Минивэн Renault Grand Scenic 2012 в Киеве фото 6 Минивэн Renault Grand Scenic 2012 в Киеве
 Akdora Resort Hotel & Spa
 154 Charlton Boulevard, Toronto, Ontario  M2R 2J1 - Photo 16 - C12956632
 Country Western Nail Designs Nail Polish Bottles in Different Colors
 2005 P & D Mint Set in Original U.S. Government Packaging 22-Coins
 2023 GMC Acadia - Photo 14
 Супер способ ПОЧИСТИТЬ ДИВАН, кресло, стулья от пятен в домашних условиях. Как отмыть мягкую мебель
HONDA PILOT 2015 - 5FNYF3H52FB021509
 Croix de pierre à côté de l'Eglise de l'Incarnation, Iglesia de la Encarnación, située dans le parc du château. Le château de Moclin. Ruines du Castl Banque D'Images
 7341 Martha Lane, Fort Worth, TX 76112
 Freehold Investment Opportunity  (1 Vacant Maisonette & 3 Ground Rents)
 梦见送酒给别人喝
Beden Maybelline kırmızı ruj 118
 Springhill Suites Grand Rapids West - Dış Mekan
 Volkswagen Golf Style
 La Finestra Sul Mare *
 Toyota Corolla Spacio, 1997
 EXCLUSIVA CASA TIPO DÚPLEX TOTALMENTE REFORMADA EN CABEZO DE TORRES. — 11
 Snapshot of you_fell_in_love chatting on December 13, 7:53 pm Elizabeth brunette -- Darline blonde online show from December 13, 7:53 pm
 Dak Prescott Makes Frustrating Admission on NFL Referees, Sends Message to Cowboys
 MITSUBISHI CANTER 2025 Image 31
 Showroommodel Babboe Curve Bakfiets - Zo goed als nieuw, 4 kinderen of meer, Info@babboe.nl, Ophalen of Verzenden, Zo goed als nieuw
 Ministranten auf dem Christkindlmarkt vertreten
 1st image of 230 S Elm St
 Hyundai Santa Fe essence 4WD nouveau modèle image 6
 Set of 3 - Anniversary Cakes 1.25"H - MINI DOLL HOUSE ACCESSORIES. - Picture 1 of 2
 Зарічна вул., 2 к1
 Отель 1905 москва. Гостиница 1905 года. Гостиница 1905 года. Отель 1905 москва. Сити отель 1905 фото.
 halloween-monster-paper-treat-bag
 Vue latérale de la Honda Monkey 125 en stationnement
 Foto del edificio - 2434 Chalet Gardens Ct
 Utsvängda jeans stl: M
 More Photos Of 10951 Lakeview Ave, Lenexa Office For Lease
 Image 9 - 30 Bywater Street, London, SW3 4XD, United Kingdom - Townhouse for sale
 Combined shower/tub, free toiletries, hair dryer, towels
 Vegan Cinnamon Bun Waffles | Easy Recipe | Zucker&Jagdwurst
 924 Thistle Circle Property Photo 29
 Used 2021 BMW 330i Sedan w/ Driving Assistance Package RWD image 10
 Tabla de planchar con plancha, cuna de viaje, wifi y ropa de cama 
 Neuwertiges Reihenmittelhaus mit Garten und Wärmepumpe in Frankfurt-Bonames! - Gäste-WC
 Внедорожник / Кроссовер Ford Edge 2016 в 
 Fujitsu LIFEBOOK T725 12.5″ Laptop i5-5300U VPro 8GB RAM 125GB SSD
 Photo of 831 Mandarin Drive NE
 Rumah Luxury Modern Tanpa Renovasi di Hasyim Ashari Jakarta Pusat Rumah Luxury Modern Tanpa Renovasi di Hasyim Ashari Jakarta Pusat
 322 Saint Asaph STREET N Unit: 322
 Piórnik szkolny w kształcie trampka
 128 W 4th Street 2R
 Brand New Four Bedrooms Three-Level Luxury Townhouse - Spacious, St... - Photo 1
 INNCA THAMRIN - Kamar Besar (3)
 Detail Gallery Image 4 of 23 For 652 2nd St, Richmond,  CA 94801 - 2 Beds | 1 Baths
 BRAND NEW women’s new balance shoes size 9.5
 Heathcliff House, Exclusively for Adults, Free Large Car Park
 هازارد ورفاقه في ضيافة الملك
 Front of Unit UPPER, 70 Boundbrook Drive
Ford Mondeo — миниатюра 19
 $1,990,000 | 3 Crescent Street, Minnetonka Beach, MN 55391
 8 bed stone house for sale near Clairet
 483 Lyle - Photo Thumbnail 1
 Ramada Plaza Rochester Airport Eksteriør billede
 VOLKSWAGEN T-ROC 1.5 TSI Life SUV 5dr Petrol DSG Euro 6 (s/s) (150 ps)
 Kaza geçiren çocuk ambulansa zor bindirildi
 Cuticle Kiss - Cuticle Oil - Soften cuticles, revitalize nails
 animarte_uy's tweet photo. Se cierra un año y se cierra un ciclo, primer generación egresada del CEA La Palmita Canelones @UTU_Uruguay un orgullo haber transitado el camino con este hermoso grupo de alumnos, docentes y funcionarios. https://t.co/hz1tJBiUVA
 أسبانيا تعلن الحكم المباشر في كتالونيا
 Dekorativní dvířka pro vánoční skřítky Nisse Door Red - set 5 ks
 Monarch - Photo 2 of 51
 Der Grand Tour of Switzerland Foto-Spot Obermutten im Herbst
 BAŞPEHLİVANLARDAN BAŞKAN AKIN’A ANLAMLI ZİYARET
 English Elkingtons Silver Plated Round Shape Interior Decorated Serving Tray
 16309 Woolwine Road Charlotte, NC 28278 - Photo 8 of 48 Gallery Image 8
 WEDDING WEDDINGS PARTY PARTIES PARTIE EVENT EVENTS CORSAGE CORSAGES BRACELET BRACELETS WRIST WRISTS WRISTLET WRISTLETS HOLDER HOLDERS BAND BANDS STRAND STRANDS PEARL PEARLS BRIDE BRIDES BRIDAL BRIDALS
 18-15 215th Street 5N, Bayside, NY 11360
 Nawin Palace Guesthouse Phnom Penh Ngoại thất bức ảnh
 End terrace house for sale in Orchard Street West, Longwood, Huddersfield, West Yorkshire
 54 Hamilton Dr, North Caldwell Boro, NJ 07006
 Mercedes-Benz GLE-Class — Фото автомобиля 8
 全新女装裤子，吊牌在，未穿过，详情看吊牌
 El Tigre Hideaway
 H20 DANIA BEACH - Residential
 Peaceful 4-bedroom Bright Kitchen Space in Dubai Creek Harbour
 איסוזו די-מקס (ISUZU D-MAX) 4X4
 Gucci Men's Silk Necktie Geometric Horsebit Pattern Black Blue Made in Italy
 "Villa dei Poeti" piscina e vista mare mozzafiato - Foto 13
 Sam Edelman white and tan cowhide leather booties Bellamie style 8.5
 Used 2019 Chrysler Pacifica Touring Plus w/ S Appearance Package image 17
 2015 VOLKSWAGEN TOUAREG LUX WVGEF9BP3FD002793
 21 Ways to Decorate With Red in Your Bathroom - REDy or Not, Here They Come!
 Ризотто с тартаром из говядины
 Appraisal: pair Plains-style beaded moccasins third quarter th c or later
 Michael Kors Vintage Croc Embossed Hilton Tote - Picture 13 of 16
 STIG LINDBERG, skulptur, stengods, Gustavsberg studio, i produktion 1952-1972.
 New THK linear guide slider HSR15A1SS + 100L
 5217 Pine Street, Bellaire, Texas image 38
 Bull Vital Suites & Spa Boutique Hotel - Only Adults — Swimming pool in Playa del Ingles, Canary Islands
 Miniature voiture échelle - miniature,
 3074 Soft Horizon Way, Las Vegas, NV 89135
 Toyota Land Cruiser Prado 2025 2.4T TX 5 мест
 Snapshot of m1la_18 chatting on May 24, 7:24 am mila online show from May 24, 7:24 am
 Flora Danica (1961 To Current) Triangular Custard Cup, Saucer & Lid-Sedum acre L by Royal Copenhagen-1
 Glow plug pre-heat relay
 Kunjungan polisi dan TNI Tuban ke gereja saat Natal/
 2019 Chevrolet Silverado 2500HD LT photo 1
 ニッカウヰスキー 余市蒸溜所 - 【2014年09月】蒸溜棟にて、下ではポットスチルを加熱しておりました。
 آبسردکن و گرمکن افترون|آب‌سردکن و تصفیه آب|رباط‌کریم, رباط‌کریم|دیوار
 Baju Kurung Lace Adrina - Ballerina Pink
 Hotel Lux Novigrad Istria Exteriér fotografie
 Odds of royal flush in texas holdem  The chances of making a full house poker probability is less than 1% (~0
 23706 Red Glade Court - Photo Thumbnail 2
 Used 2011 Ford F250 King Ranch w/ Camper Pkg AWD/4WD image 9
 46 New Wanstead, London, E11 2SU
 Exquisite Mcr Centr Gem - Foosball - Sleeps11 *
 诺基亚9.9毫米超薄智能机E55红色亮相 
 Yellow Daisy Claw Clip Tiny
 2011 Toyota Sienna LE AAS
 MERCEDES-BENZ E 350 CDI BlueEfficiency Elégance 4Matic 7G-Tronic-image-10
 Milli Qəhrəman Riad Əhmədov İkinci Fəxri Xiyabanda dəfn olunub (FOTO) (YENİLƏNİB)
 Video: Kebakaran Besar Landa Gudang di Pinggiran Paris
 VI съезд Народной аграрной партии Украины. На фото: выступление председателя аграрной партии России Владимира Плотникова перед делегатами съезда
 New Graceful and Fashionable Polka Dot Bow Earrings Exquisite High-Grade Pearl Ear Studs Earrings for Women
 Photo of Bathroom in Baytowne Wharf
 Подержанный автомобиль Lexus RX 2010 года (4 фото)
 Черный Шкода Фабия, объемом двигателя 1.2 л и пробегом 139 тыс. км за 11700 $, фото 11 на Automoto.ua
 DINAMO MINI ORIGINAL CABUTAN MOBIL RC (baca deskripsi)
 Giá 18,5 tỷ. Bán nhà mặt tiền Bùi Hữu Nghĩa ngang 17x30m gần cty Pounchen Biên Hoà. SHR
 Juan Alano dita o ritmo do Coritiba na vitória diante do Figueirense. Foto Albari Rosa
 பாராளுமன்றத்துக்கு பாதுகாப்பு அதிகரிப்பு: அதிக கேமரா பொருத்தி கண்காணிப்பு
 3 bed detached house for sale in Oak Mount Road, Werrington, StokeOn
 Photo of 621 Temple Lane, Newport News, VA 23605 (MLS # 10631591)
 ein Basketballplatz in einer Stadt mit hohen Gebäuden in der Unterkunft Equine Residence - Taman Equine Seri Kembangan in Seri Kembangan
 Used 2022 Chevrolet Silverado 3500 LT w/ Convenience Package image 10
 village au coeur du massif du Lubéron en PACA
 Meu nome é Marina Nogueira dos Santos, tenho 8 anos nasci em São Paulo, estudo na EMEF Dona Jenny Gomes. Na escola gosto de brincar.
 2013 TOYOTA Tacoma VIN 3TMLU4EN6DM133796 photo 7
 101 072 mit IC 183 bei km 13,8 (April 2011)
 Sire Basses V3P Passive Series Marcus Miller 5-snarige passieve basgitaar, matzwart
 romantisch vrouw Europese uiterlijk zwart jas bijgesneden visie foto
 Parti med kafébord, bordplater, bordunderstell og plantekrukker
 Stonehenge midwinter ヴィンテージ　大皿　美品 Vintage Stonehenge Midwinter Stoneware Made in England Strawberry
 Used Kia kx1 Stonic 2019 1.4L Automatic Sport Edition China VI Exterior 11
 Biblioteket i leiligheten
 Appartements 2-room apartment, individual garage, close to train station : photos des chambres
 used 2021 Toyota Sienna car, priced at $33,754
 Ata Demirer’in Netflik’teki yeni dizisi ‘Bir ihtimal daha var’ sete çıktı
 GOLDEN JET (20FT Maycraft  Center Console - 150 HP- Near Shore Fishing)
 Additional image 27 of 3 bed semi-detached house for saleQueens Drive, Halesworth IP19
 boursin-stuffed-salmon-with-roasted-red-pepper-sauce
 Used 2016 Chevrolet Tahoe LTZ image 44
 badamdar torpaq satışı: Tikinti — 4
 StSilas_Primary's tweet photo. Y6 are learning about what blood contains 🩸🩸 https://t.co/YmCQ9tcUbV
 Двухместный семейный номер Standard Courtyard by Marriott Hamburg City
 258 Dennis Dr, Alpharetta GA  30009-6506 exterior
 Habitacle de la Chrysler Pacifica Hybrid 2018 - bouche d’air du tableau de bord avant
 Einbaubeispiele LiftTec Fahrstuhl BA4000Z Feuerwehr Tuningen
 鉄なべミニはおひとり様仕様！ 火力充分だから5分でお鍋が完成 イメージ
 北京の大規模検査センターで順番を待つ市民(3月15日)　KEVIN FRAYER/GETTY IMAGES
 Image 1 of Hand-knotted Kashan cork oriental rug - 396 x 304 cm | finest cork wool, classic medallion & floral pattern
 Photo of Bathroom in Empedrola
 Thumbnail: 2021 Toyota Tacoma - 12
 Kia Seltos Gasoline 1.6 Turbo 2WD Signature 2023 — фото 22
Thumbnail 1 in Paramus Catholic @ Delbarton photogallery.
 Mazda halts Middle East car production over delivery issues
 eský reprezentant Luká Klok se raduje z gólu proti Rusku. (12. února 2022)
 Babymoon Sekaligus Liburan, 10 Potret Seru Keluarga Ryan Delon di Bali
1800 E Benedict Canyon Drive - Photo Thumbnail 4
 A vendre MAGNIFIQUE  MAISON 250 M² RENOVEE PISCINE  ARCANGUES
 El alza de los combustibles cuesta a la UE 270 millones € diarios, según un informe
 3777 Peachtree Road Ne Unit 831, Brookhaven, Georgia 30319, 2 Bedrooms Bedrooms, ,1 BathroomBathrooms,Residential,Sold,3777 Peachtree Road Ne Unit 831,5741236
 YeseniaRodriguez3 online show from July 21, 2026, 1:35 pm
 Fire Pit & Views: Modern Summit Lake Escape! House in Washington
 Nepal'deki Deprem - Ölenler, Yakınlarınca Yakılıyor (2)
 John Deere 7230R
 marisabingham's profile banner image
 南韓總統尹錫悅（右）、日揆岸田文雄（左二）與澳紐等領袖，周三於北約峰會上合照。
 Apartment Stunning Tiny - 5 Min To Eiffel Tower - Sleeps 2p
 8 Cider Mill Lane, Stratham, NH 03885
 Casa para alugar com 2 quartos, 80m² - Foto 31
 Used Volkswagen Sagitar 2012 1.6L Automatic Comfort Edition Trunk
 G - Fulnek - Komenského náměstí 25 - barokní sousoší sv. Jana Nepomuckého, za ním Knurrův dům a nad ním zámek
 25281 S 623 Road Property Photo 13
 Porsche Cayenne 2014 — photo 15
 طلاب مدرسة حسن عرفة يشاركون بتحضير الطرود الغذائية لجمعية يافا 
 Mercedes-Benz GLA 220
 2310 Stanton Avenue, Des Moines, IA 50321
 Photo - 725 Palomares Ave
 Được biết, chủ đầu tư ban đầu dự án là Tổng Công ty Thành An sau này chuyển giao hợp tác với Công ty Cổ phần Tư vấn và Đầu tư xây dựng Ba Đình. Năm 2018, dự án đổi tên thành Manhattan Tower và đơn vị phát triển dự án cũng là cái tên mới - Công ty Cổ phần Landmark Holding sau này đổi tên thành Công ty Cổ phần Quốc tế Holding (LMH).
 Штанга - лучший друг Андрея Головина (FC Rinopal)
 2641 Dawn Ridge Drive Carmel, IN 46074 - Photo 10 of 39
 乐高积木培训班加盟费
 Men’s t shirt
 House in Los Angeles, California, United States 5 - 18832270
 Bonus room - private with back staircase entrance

• [Work item] With the line holding "Photo of Bathroom in Baytowne Wharf" as the first and the line holding "Biblioteket i leiligheten" as the last, please transcribe exactly the lines of the material above in that range and nothing else.

• [Solution]
 Photo of Bathroom in Baytowne Wharf
 Подержанный автомобиль Lexus RX 2010 года (4 фото)
 Черный Шкода Фабия, объемом двигателя 1.2 л и пробегом 139 тыс. км за 11700 $, фото 11 на Automoto.ua
 DINAMO MINI ORIGINAL CABUTAN MOBIL RC (baca deskripsi)
 Giá 18,5 tỷ. Bán nhà mặt tiền Bùi Hữu Nghĩa ngang 17x30m gần cty Pounchen Biên Hoà. SHR
 Juan Alano dita o ritmo do Coritiba na vitória diante do Figueirense. Foto Albari Rosa
 பாராளுமன்றத்துக்கு பாதுகாப்பு அதிகரிப்பு: அதிக கேமரா பொருத்தி கண்காணிப்பு
 3 bed detached house for sale in Oak Mount Road, Werrington, StokeOn
 Photo of 621 Temple Lane, Newport News, VA 23605 (MLS # 10631591)
 ein Basketballplatz in einer Stadt mit hohen Gebäuden in der Unterkunft Equine Residence - Taman Equine Seri Kembangan in Seri Kembangan
 Used 2022 Chevrolet Silverado 3500 LT w/ Convenience Package image 10
 village au coeur du massif du Lubéron en PACA
 Meu nome é Marina Nogueira dos Santos, tenho 8 anos nasci em São Paulo, estudo na EMEF Dona Jenny Gomes. Na escola gosto de brincar.
 2013 TOYOTA Tacoma VIN 3TMLU4EN6DM133796 photo 7
 101 072 mit IC 183 bei km 13,8 (April 2011)
 Sire Basses V3P Passive Series Marcus Miller 5-snarige passieve basgitaar, matzwart
 romantisch vrouw Europese uiterlijk zwart jas bijgesneden visie foto
 Parti med kafébord, bordplater, bordunderstell og plantekrukker
 Stonehenge midwinter ヴィンテージ　大皿　美品 Vintage Stonehenge Midwinter Stoneware Made in England Strawberry
 Used Kia kx1 Stonic 2019 1.4L Automatic Sport Edition China VI Exterior 11
 Biblioteket i leiligheten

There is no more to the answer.